Whatever that claims to be, it is not a system for Tongyong for Taiwanese.
For Mandarin and Taiwanese to have the same romanisation, that would mean that the letters have to have the same sound in Taiwanese and Mandarin. That is clearly not the case with this chart. In fact this chart is too weird to figure out. What’s with all these 'zh’s and stuff. Tongyong doesn’t have these.
Furthermore, the comparison with zhuyin fuhao is strange. What’s this:
[quote=“daltongang”]the heading says it’s for hakka.[/quote]That’s what I thought it said too. But judging by the lack of modesty in his posts, Feiren is abviously fluent in Mandarin and Taiwanese, so I didn’t want to look silly by commenting.
It does say that it is for Hakka. Where is Feiren now?
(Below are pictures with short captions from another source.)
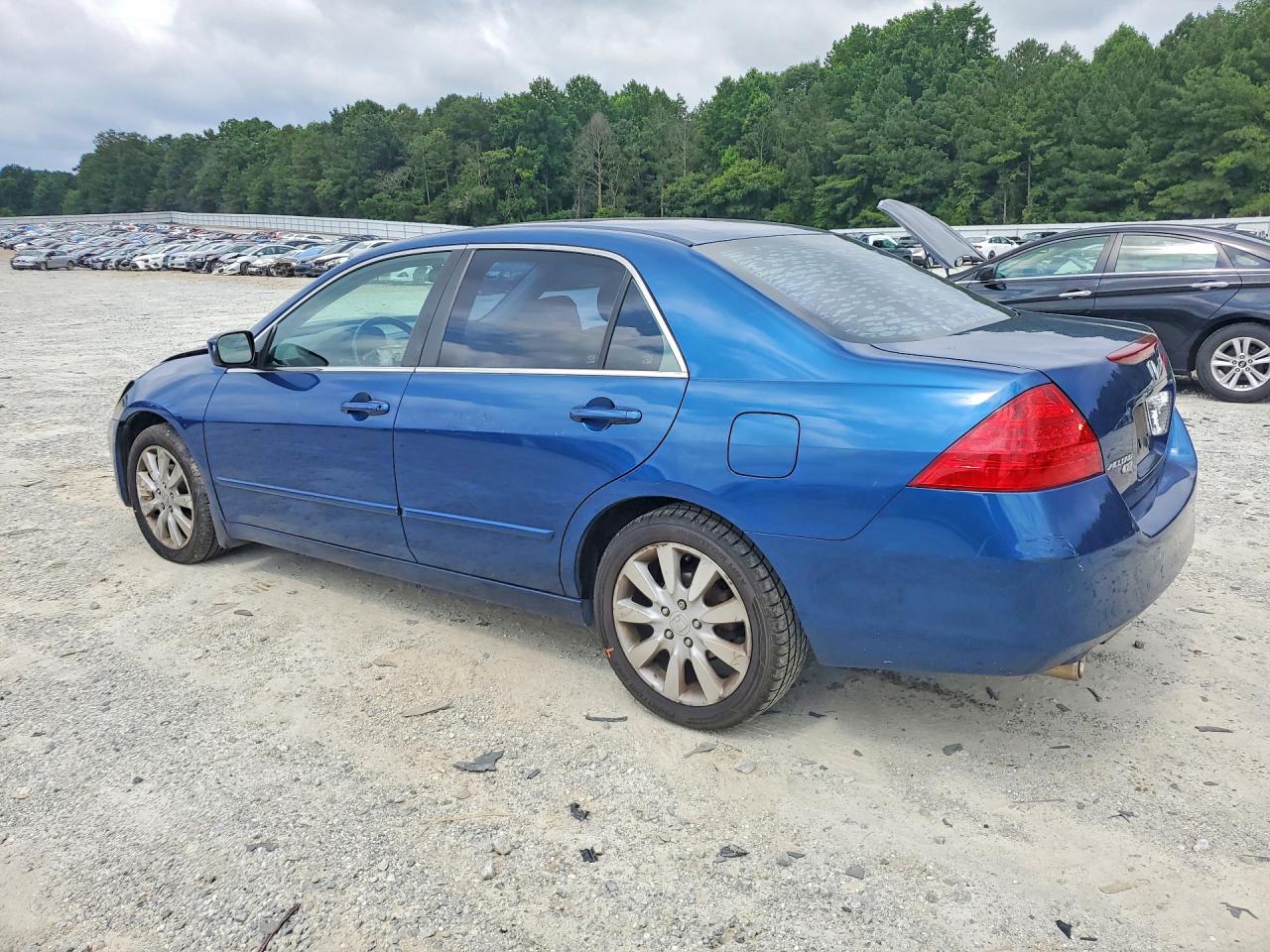 2006 Honda Accord Ex Синий vin: 1HGCM66586A802775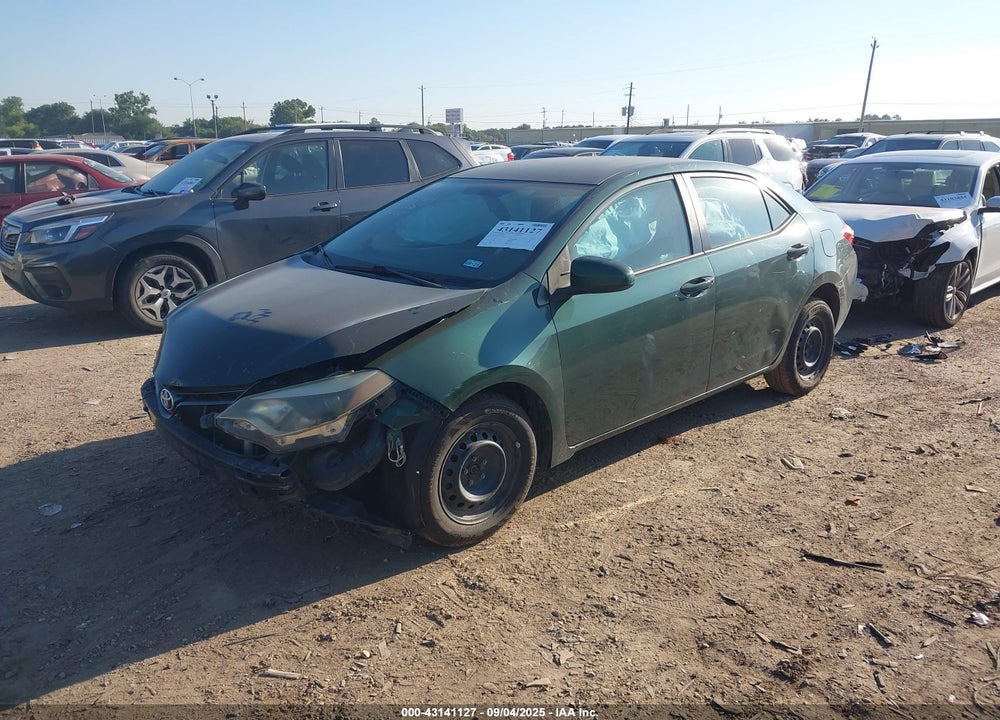 2015 TOYOTA COROLLA VIN: 2T1BPRHE5FC370061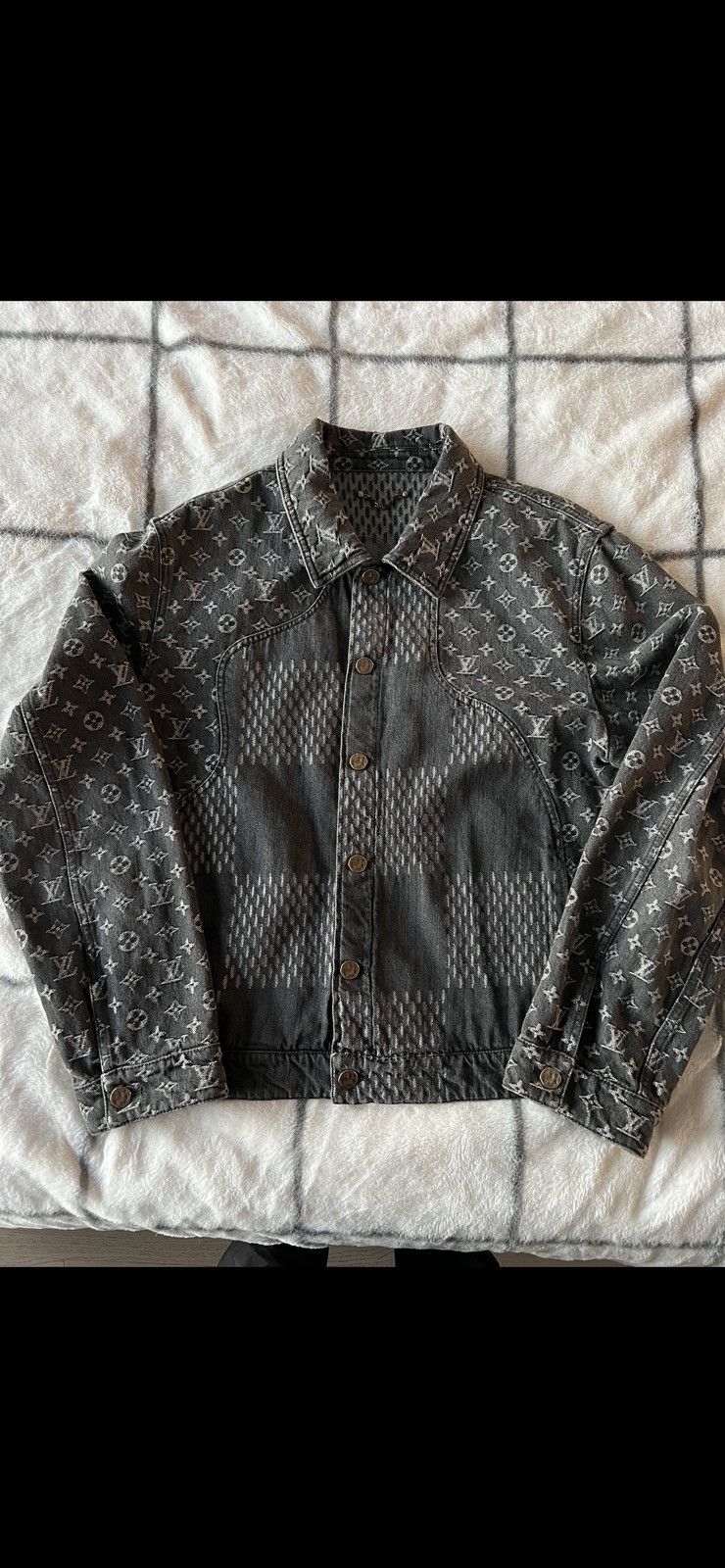 Louis Vuitton x Nigo Giant Damier Laces Windbreaker XL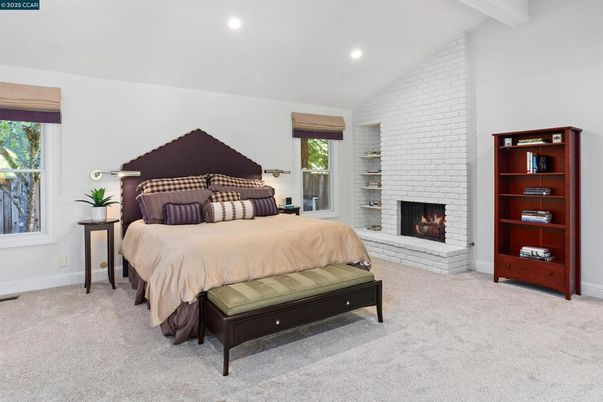 Bedroom, Fireplace, Interior, Recessed Lighting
It would be hard to use the same system with the same letters representing the same sounds for Hakka, Minnanhua or Mandarin as all of them are different languages.
Note: For the person using Hokkien to describe the language spoken in Taiwan, it isn’t accurate. Hokkien (or Fujianhua) is spoken in Northern Fujian around modern-day Fuzhou. The language spoken in Taiwan is based on Minnanhua, which is not the same as Hokkien. Minnanhua or Hoklo would be better ways to refer to the root language of Taiwanese.